Like all graphics, though, it needs some sort of audio to match up to the picture. In the past I’ve had to lay audio out manually – for example, I created this simple physics simulation as part of a film for Hazelnut Films:

The ‘ding’ sounds when the coins collide with things are all added manually afterwards. They match up pretty well with the pictures but it was a bit fiddly – and there are far less objects moving around than in the labyrinth animation above.
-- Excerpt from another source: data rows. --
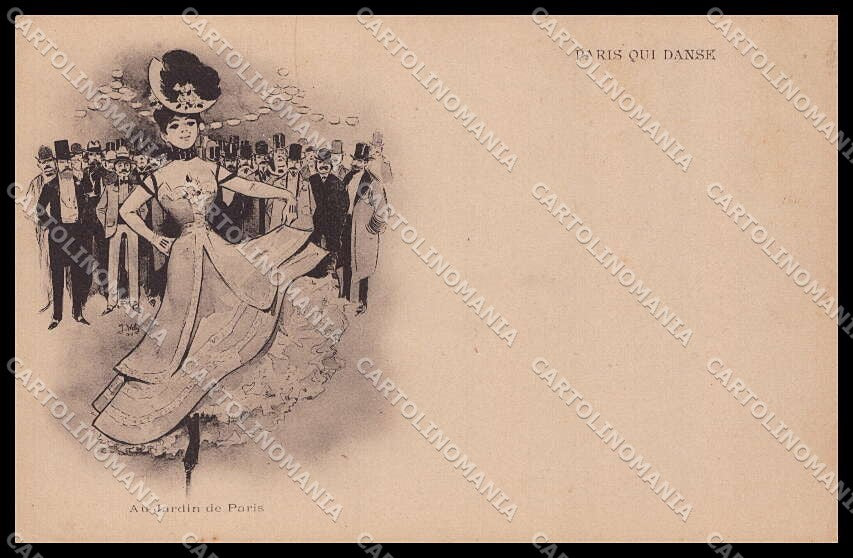 Illustratori Artist Signed J. Wely Lady Dance Paris cartolina ZG9107 – fronte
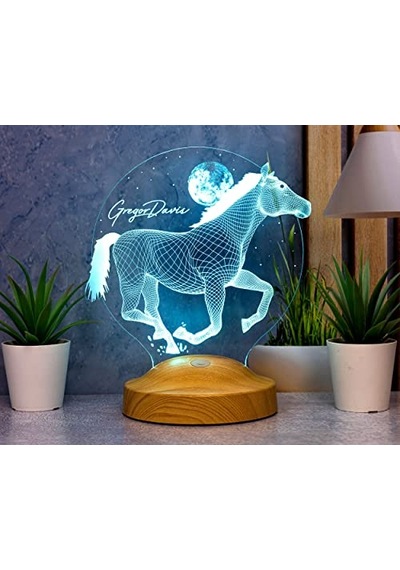 At Tasarımlı Hediye 3d At Figürlü Kişiye Özel 3 Boyutlu Led Lamba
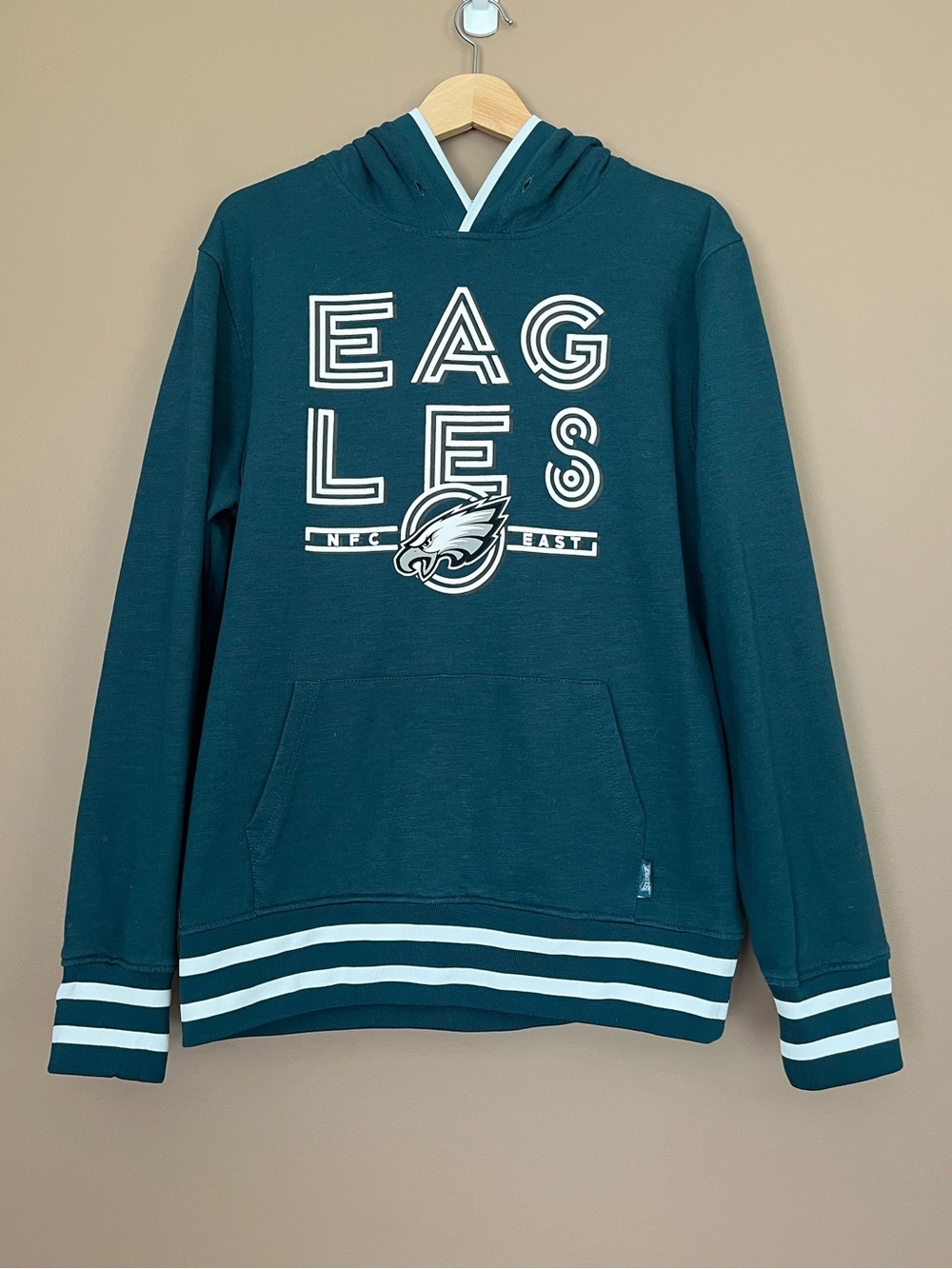 (NFL} Philadelphia Eagles Hoodie Sweatshirt with Ribbed Hem & Cuffs - Medium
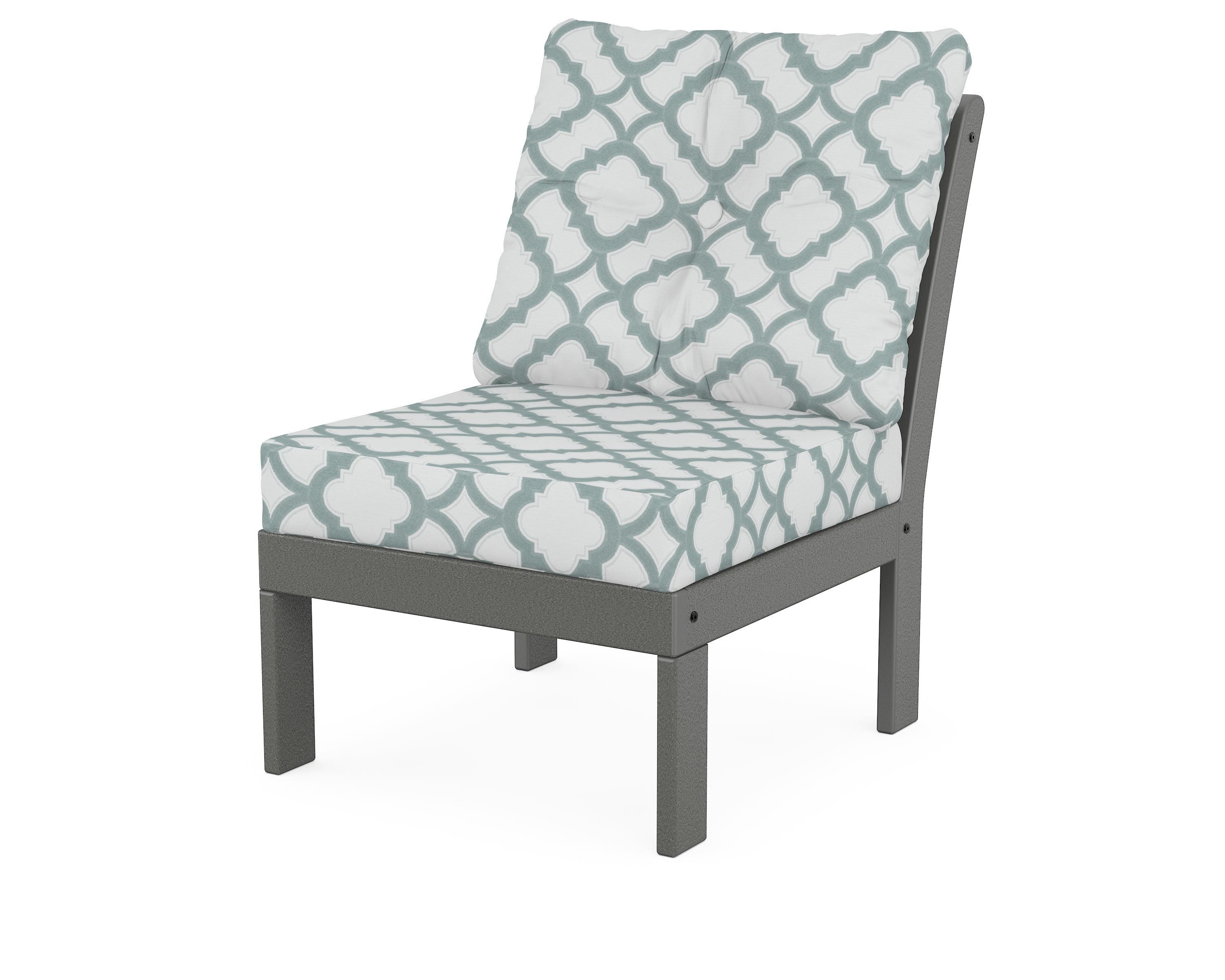 POLYWOOD® Vineyard Modular Armless Chair in Slate Grey / Trellis Glacier Spa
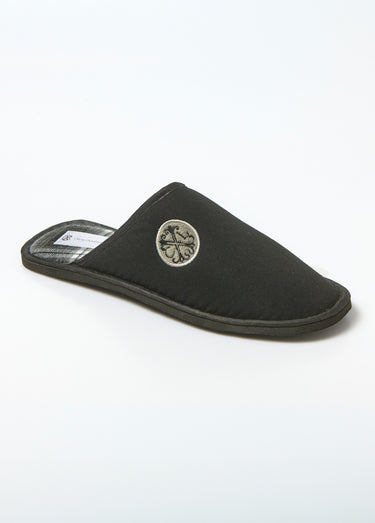 Chaussons forme mules chic avec logo Noir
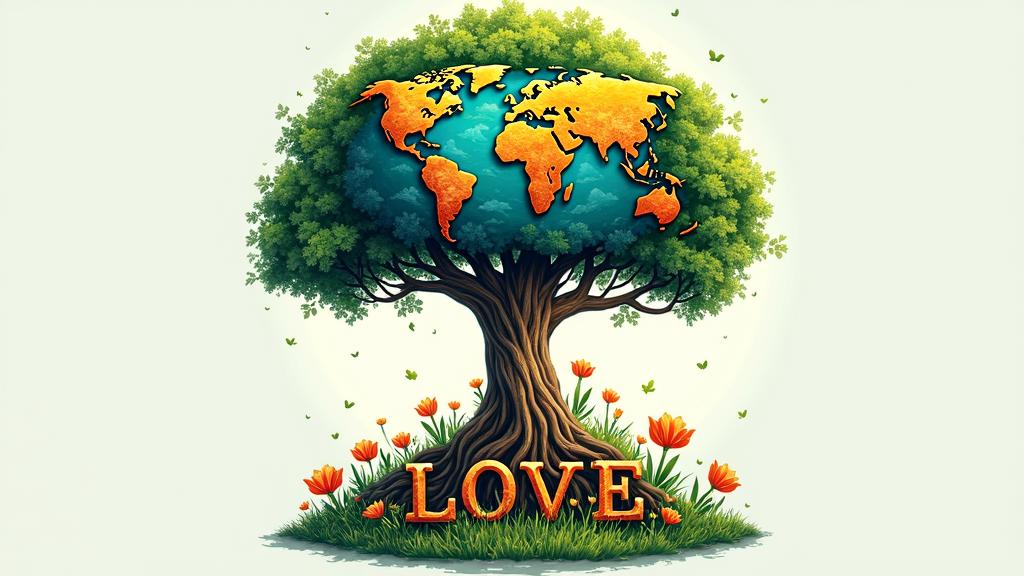 A majestic tree with its leafy canopy shaped as the world map or a vibrant globe. Tree roots can subtly spell 'LOVE' or anchor into 'YOUR MOTHER'. Naturalistic or whimsical art style.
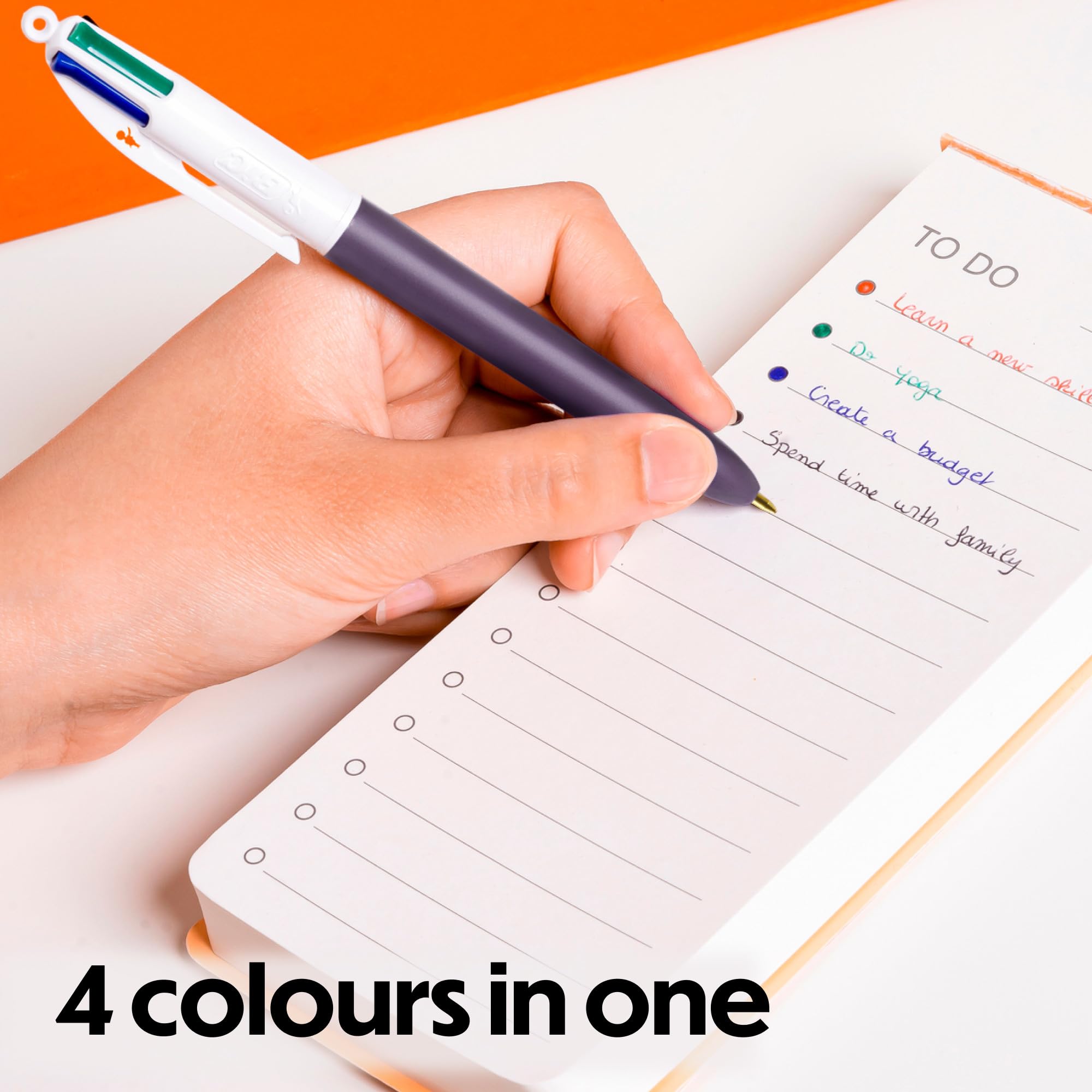 BIC 4 Colours Pearl Retractable Ballpoint Pen - Pearlescent Finish | 5 Pack 4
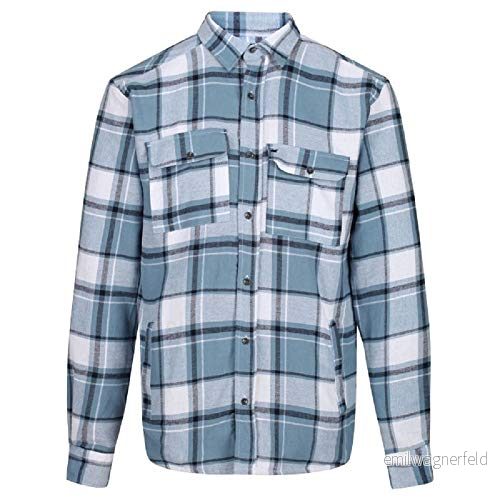 Regatta Tygo Shacket coolvävd bomull rutiga fleece fodrade över skjorta för män 5057538584811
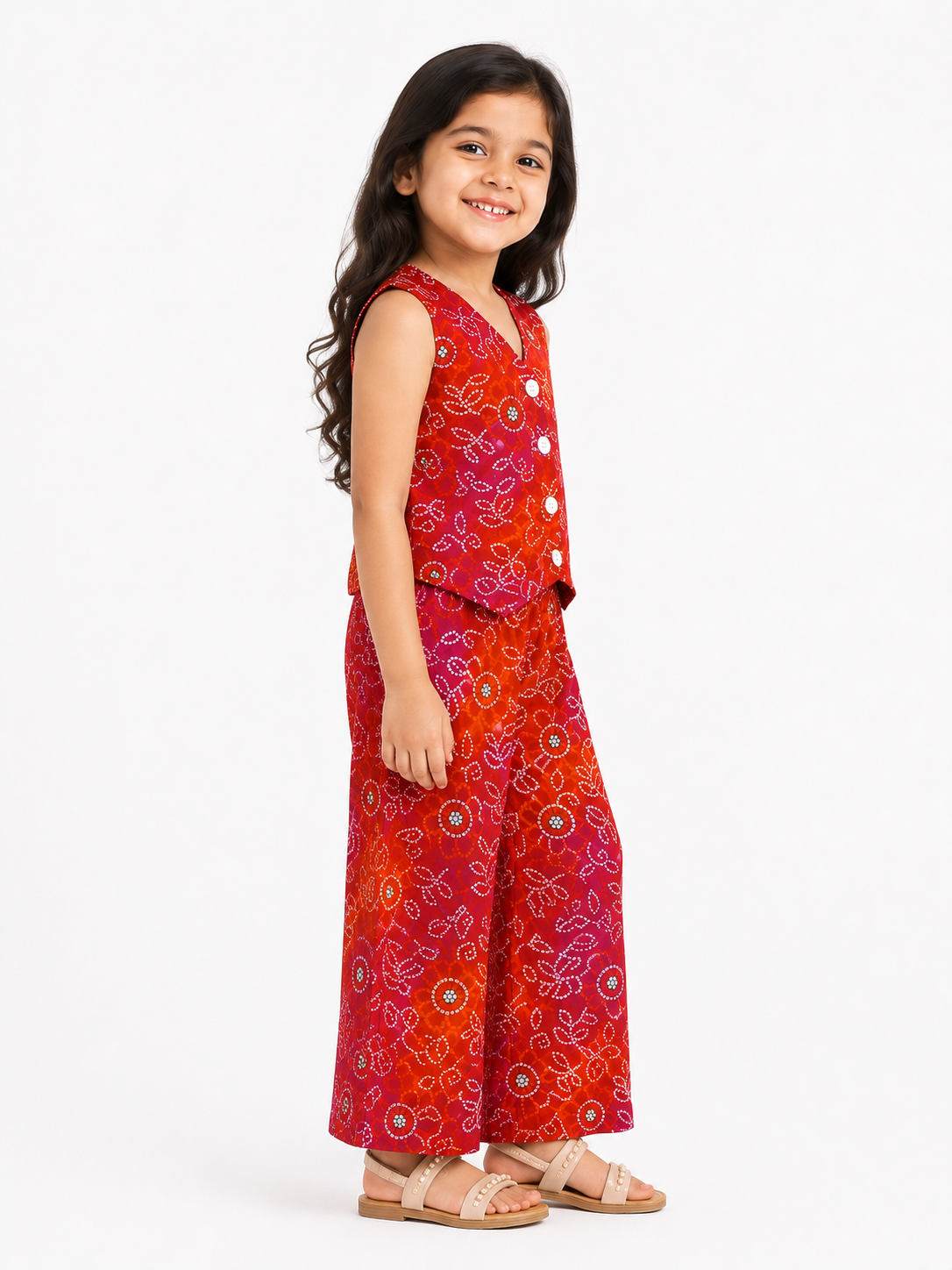 Girls Pure Cotton Bandhani Printed Vest Style Crop Top and Wide-Leg Trousers Co-Ord Set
So I started looking for a way to have 3D Studio generate the necessary audio at the same time as it creates the animation. A couple of days ago I came across an audio utility called SoX that makes it all possible – so here’s a description of the way I got it working, in the hopes it may help others trying to do the same thing.

(This is a long post – scroll down to the last video if you just want to hear the results)


SoX is a cross-platform command-line audio utility that lets you perform simple operations on audio files. More info, downloads and documentation are here. You can use it for converting audio files from one format to another, you can pad and trim audio files, and you can change their pitch and add simple effects. Because you run it by typing commands in at the DOS or Terminal prompt, rather than using a mouse to operate it, it’s eminently scriptable, using simple batch files. For example, typing the following into a DOS prompt [assuming you have SoX installed]:

sox -m mysound.wav myothersound.wav theResult.wav

will produce a new WAV audio file by mixing the two input files mysound.wav and myothersound.wav together. You can pad files to change the timing:

sox tick.wav theResult.wav pad 2000s

This’ll take the tick.wav file and add 2000 samples of silence to the beginning, creating a new audio file called theResult.wav. You can change the pitch of audio clips too:

sox tick.wav slowtick.wav speed 0.5

This creates a copy of tick.wav that plays back at half the speed, and hence sounds an octave lower.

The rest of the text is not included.